Peraltro, il novellato comma 5-bis, dell’art. 7, D.Lgs. n. 546/1992, ultimo capoverso, stabilisce che spetta comunque al contribuente fornire le ragioni della richiesta di rimborso, quando non sia conseguente al pagamento di somme oggetto di accertamenti impugnati.

In questo contesto, occorre verificare se sia percorribile l’istanza di rimborso, una volta che il contribuente, per esempio, abbia già provveduto al pagamento dell’avviso di liquidazione notificato, con l’applicazione dell’aliquota del 15%, invece che del 9%.

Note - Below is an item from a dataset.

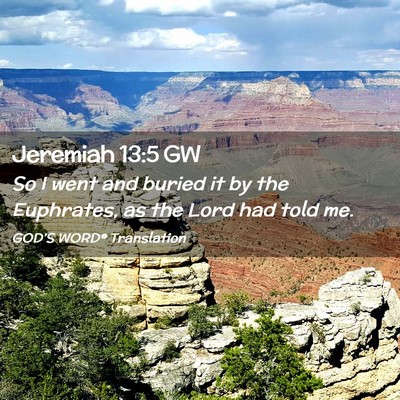 Picture 02 - Jeremiah 13:5 GW - So I went and buried it by the Euphrates, as the - Bible Verse Picture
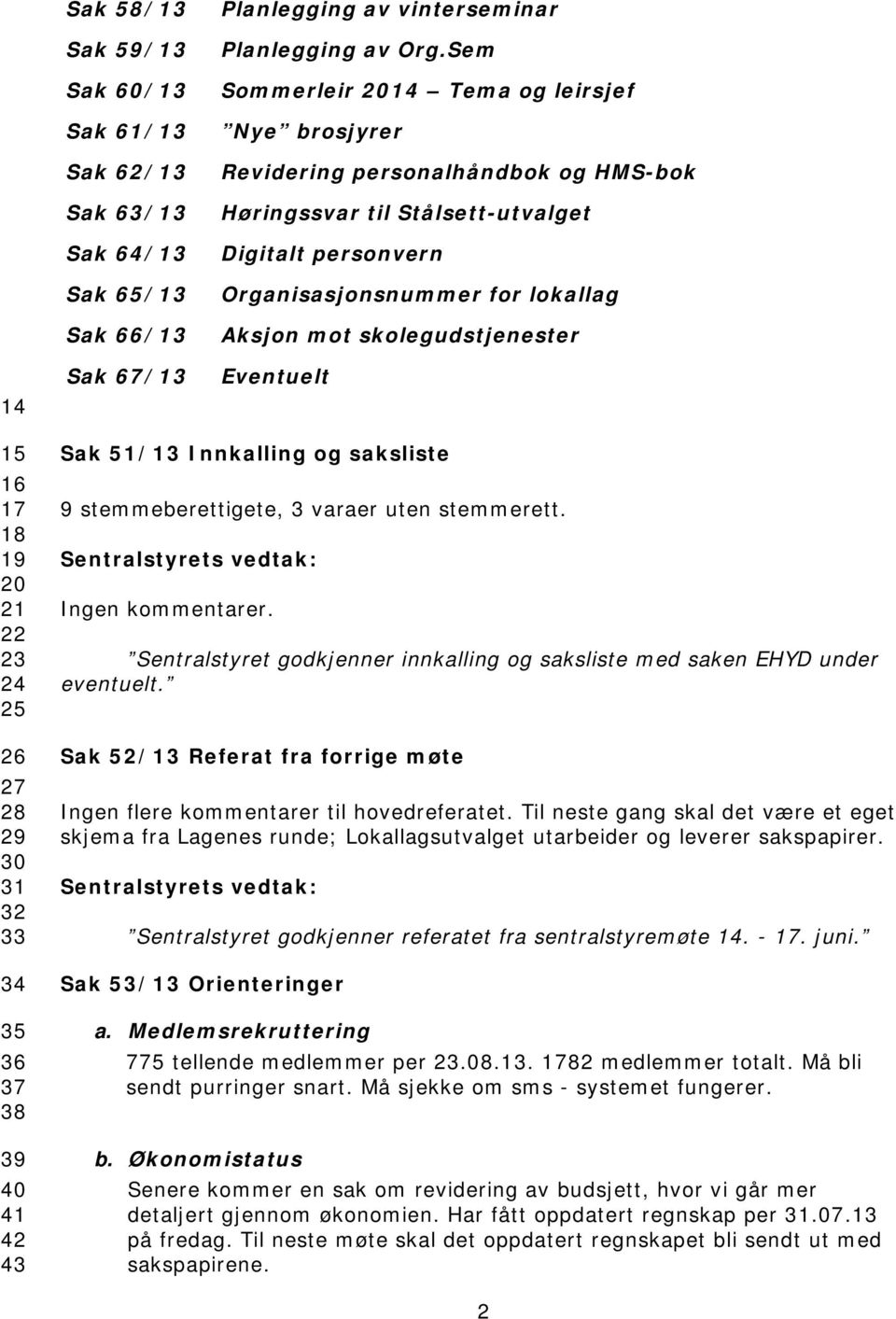 skolegudstjenester Eventuelt 15 16 17 18 19 20 21 22 23 24 25 26 27 28 29 30 31 32 33 34 35 36 37 38 39 40 41 42 43 Sak 51/13 Innkalling og saksliste 9 stemmeberettigete, 3 varaer uten stemmerett.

Sul tema, la Corte di Cassazione, con l’ordinanza n. 17124/2025, ha ribadito che, in tema di rimborso, qualora il contribuente non impugni l’atto col quale l’Amministrazione ha azionato la pretesa tributaria e, quindi, presenti istanza di rimborso di quanto già pagato in relazione al titolo impositivo, dalla definitività di quest’ultimo, per difetto di impugnazione, deriva l’inammissibilità dell’istanza di rimborso, perché contrastante con il titolo, ormai definitivo, che giustifica l’attività di riscossione dell’Amministrazione (cfr., ex plurimis, Cass., n. 31236/2019, n. 26378/2019, n. 20367/2018, n. 24239/2014, n. 3346/2011, n. 28784/2008, n. 672/2007, n. 17718/2004 e n. 3792/1997).

È, quindi, da ritenere che le eventuali impugnazioni proposte dai contribuenti saranno attentamente vagliate dai giudici.